Um grande evento esportivo é capaz de reunir em um curto espaço mais de dez vezes mais pessoas que havia na boate de Santa Maria e, uma tragédia poderia ser ainda maior. Por essa razão, os cenários esportivos devem seguir padrões internacionais de segurança, atentando-se com medidas anti-incêndio, anti-violência, dentre outros.

As construções devem permitir que um estádio de futebol ou um ginásio seja esvaziado em, no máximo, oito minutos em caso de alguma necessidade.
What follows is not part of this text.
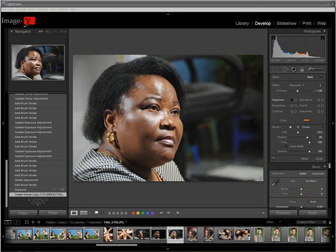Good day everybody, Yannick Chauvin here once again for Yannick's photo blog. Today I'm really excited to present Lightroom version 2, and most specifically the adjustment brush. I've just installed Lightroom a couple days back and I've been playing around with the new features, but I keep coming back to this magnificent brush.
Ademais, deve haver acesso aos gramados/quadras, razão pela qual as fossas devem ser extirpadas.

Considerando que as escadas e corredores constituem vias de acesso e, portanto, devem ficar desobstruídas para que, em caso, de tumulto ou necessidade de escoamento, os caminhos estejam livres.

Os portões dos cenários desportivos devem abrir para o exterior e ser passíveis de serem abertos sempre por dentro, a fim de se minimizarem os riscos de emperramento.

Finalmente, as escadas devem ser rodeadas de corrimãos e de com mecanismos anti-fogo, como extintores e canos de água acionáveis por calor.

Para que tudo seja cumprido é imprescindível que o poder público, ao contrário do lamentável caso de Santa Maria, exerça a sua função constitucional de poder de polícia administrativa, fiscalizando todos os cenários esportivos e aplicando-se as penalidades cabíveis àqueles inadequados para que tragédias como as do Rio Grande do Sul, ou as de São Januário (2000) e da Fonte Nova (2007) sejam extirpadas eternamente de nosso país.